Hamilton has taken another step on the path to a capital value rating system despite the prospect of a legal challenge from the city's shopping centres.
City councillors will meet next week to consider a staff report recommending the city change to capital value rating.
Hamilton is the country's only metropolitan council to use a rating system based on land value.
Council chief financial officer Richard Briggs said staff proposed the city adopt a capital value (current yield) rating system to be phased in over 10 years.
Under the capital value (current yield) option, residential ratepayers would continue to pay about 65 per cent of the city's $153 million rates bill.

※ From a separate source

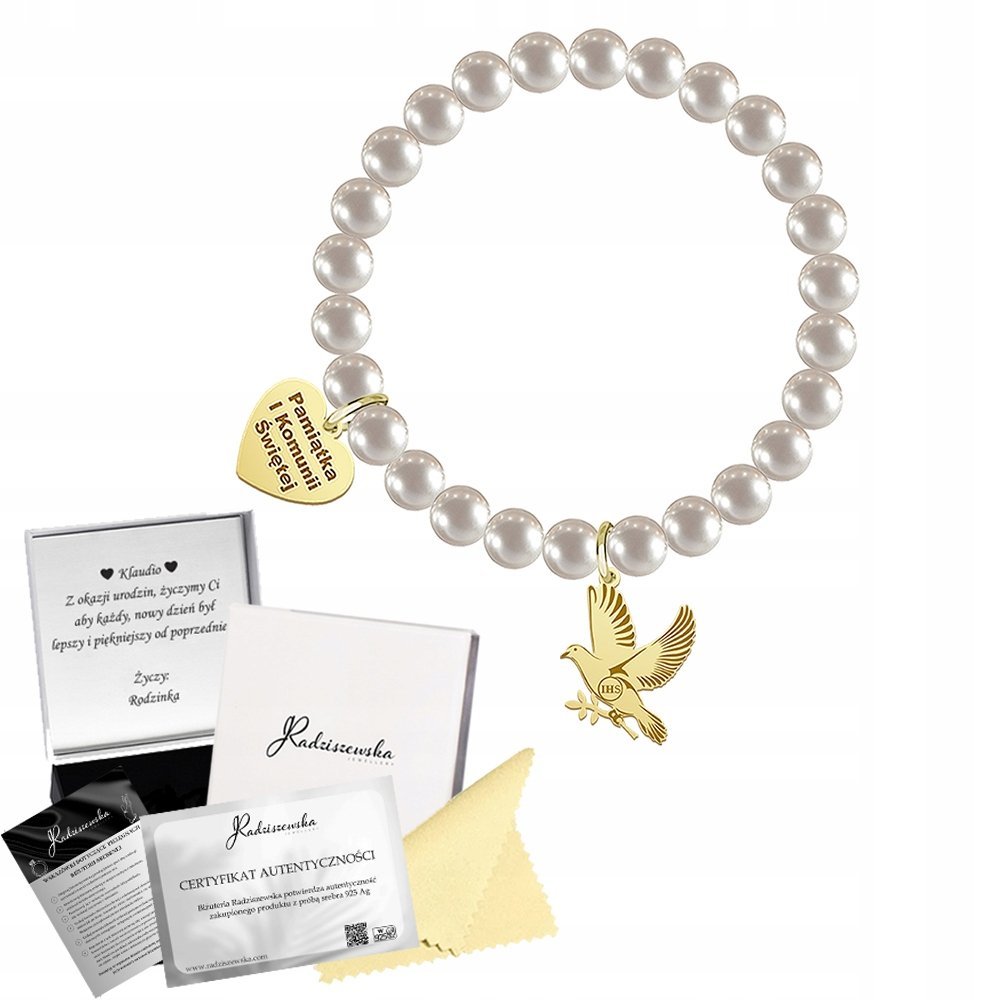 Złota Bransoletka na Komunie z Grawerem GOŁĄB SERCE SREBRO 925 Perły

However, residents in Hamilton's newer suburbs, such as Rototuna and Flagstaff, would shoulder a greater portion of the yield.
"If we move to capital value current yield, 50 per cent of the properties will get a reduction in rates and 50 per cent of the properties will get an increase in rates," Briggs told a council workshop yesterday.

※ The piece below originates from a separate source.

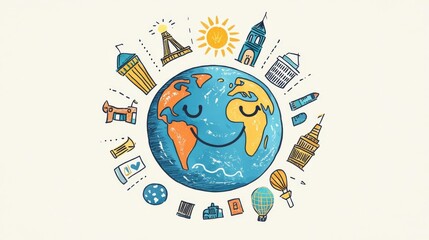 Naklejka premium A cheerful illustration of Earth surrounded by famous landmarks, symbolizing global unity and cultural diversity.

"Basically, older properties will go down and new properties will go up."
The capital value (current yield) option also creates winners and losers among the city's commercial ratepayers, with small and medium businesses expected to get a rates decrease while the city's three major retail centres - The Base, Centre Place and Westfield Chartwell - face a hefty rates hike.
A shop in Westfield Chartwell currently pays, on average, $2664 a year in rates but this could climb to $13,824 under the capital value (current yield) model.
Likewise, a retailer at The Base will see their rates increase from, on average, $3834 a year to $14,474.
But Briggs said this reflected an "appropriate result" when compared to rates paid by shops at Sylvia Park ($16,859) and Westfield St Lukes ($21,979) in Auckland.
In response, councillor Ewan Wilson asked if it was fair to conclude shops in Hamilton's large malls had been getting access to cheap rates under the current land value rating system.
"To the population we've compared them against, yes," Briggs replied.
Westfield New Zealand director Justin Lynch earlier told the Waikato Times the company was not ruling out legal action.
Briggs said any judicial review would focus on whether the council had followed an appropriate process.
"Be aware that changes are significant to some ratepayers and we can't stop our decisions being reviewed but if we follow a robust process, we're in a good position," he told councillors.
Utilities face the biggest rates hike, with Wel Networks Ltd and Vodafone New Zealand facing a spike in excess of 3800 per cent.
Wel Networks currently pays $19,865 in rates but this would increase to $788,607 under the rating model proposed by council staff.
If councillors opt for change, staff will prepare a statement of proposal for adoption in July.
The public will be able to submit on the proposal in August and September ahead of hearings in October.
Councillors would then be expected to make a decision in November.
Councillor Leo Tooman said a vote for change would take "courage", noting a proposal to change the city's rating system from land value to capital value in 2011 attracted 2763 submissions, with 80 per cent opposing rating on capital value.
That proposal advocated no differentials over a five-year period.
But Wilson said that model differed markedly from the capital value (current yield) model.
"Last time we went out changing the yield and removing the differentials so 80-odd per cent of the ratepayers saw an increase immediately, so there is no comparison," Wilson said.